------ DATA FOR THE TASK ------

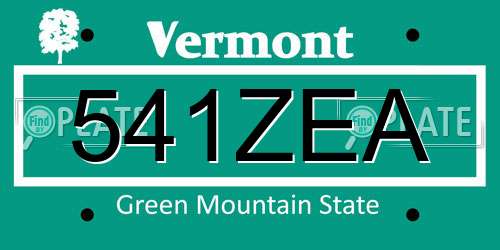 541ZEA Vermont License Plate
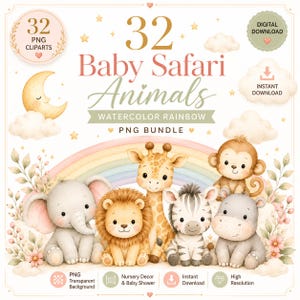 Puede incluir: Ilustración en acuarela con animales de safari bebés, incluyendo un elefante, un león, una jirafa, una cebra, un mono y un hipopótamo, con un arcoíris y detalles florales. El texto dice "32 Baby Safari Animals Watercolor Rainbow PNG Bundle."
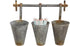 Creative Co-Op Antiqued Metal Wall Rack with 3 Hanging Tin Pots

------
------ DATA FOR THE TASK ------

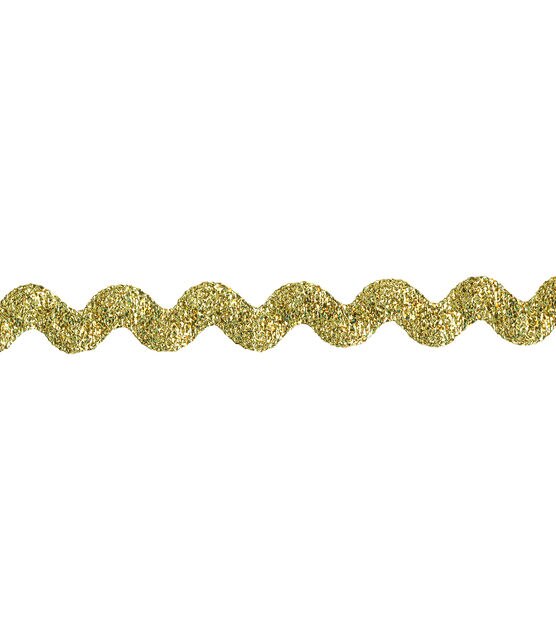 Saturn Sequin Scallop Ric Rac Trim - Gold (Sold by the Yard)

------

#### [YOUR ASSIGNMENT]
Return only the stretch above from the line containing "541ZEA Vermont License Plate" through the line containing "Creative Co-Op Antiqued", word for word and without pictures.

#### [SOLUTION FOR THIS EXERCISE]
 541ZEA Vermont License Plate
 Puede incluir: Ilustración en acuarela con animales de safari bebés, incluyendo un elefante, un león, una jirafa, una cebra, un mono y un hipopótamo, con un arcoíris y detalles florales. El texto dice "32 Baby Safari Animals Watercolor Rainbow PNG Bundle."
 Creative Co-Op Antiqued Metal Wall Rack with 3 Hanging Tin Pots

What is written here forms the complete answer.